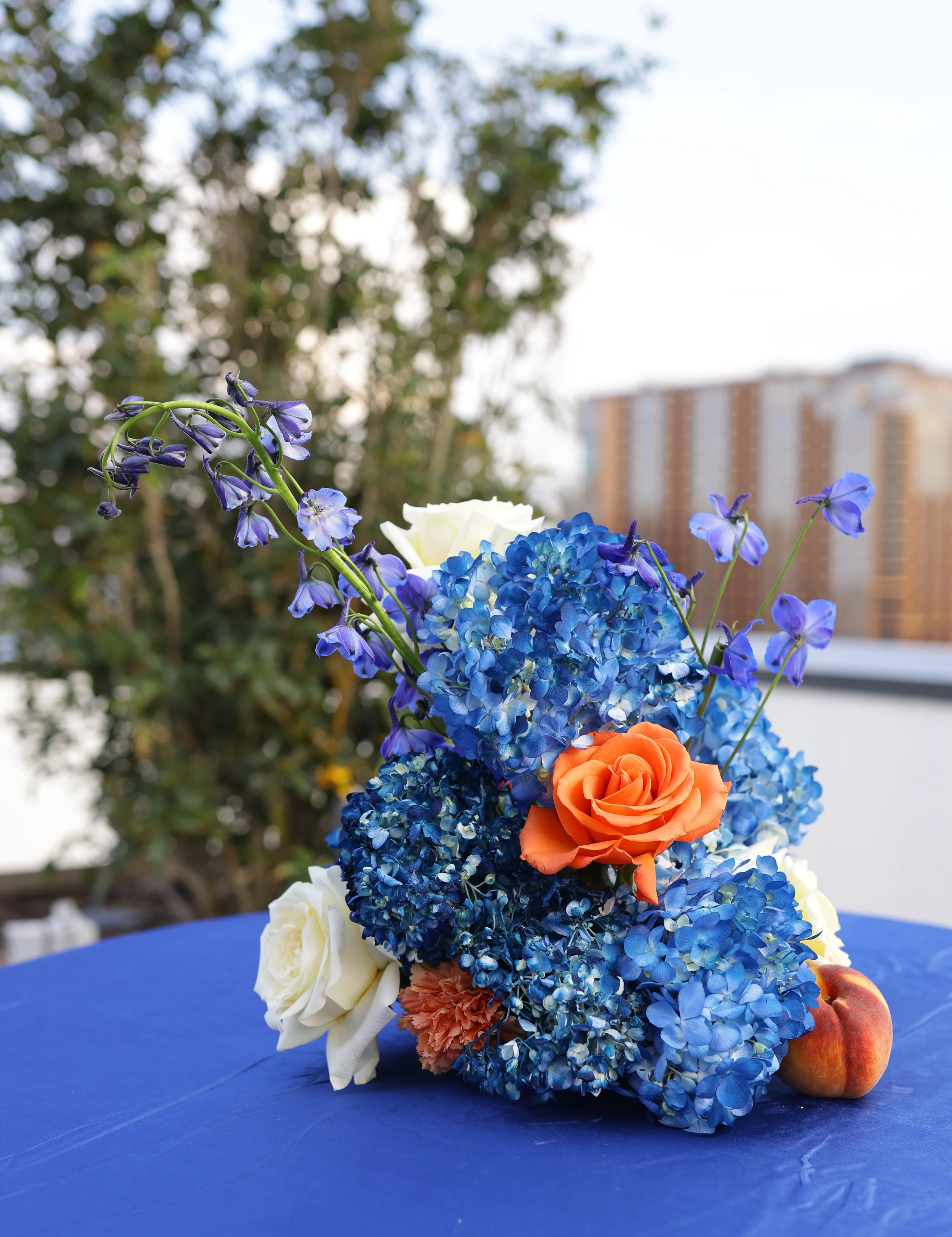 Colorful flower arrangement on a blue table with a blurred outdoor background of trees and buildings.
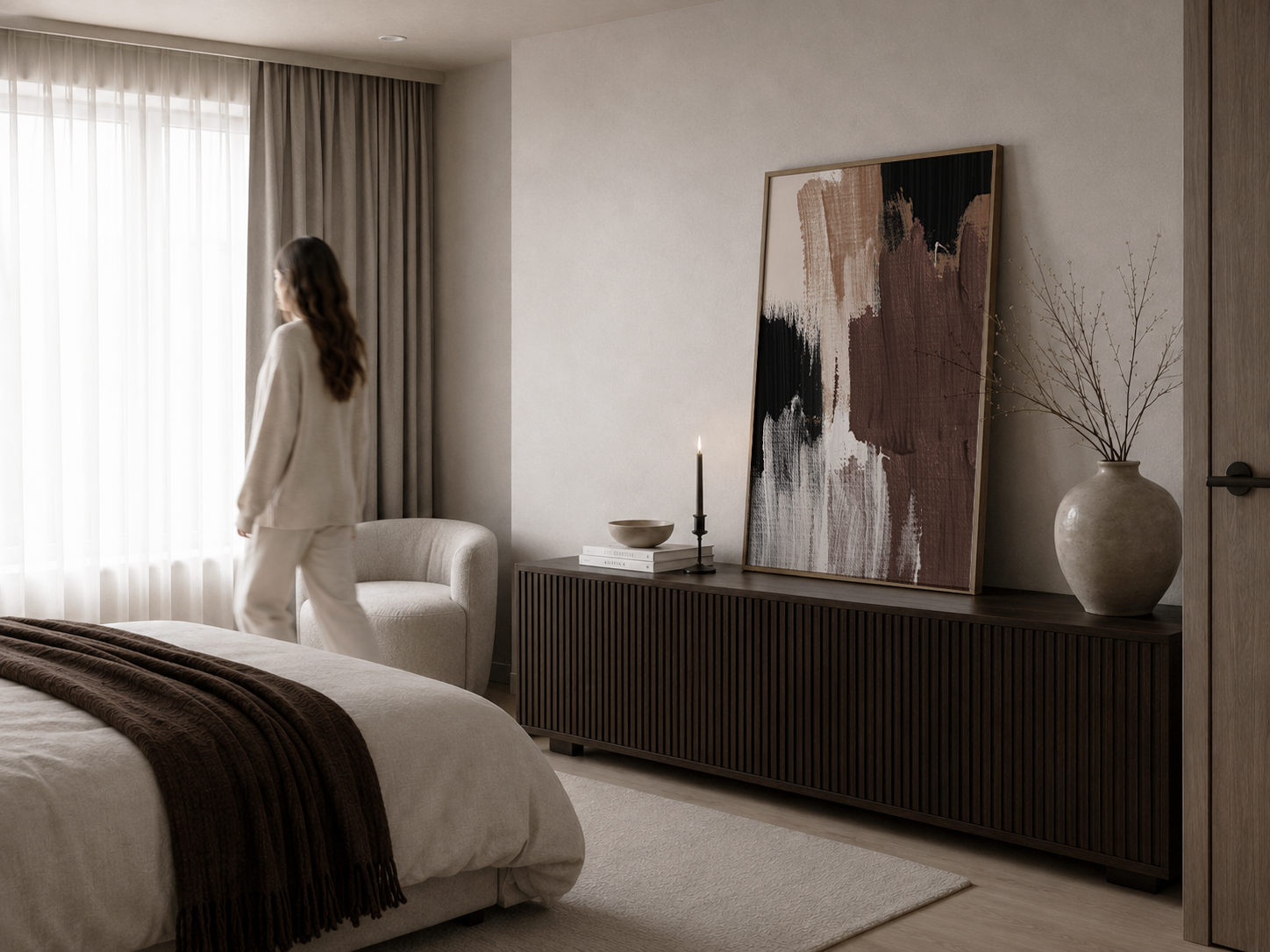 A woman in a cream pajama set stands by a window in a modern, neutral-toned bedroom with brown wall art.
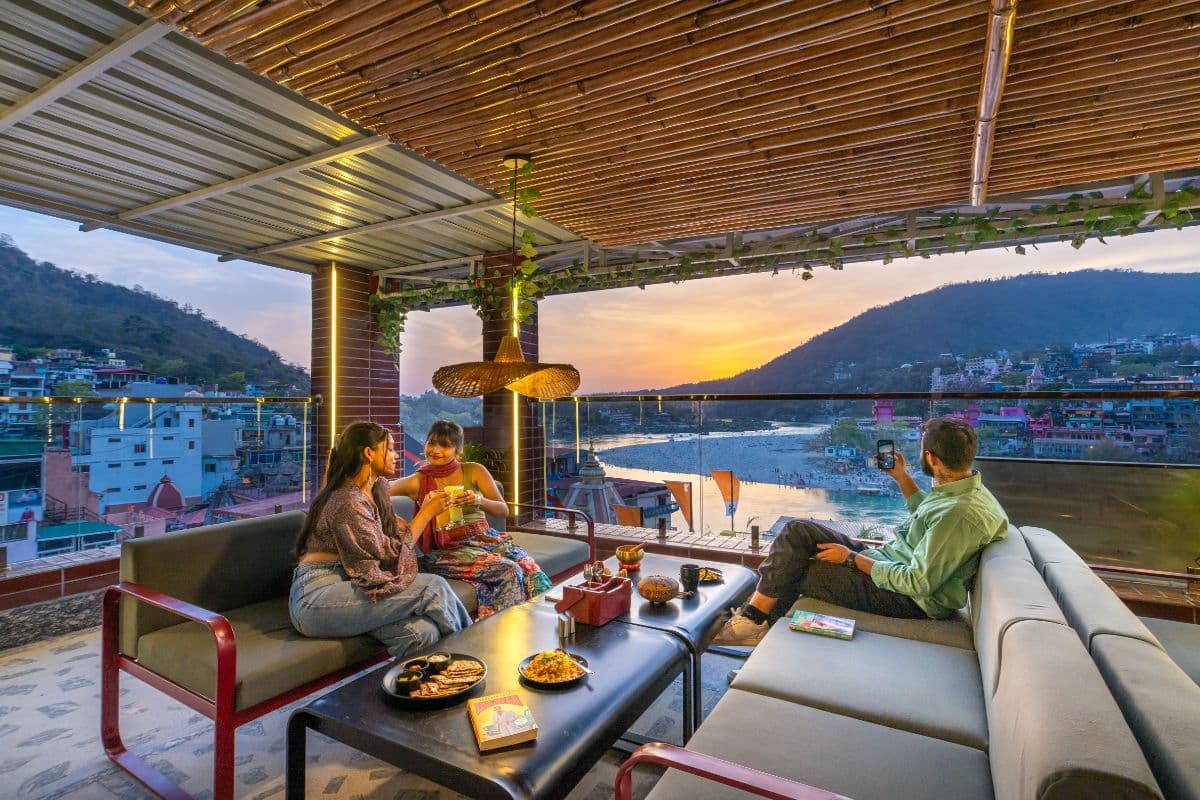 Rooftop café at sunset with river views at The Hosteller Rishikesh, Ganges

++++++++++++++++++++

-- WHAT TO WORK ON --
Beginning with the line that bears "A woman in a", output each line through the last line of the listing exactly, and no others; skip the pictures.

-- ANSWER BELOW --
 A woman in a cream pajama set stands by a window in a modern, neutral-toned bedroom with brown wall art.
 Rooftop café at sunset with river views at The Hosteller Rishikesh, Ganges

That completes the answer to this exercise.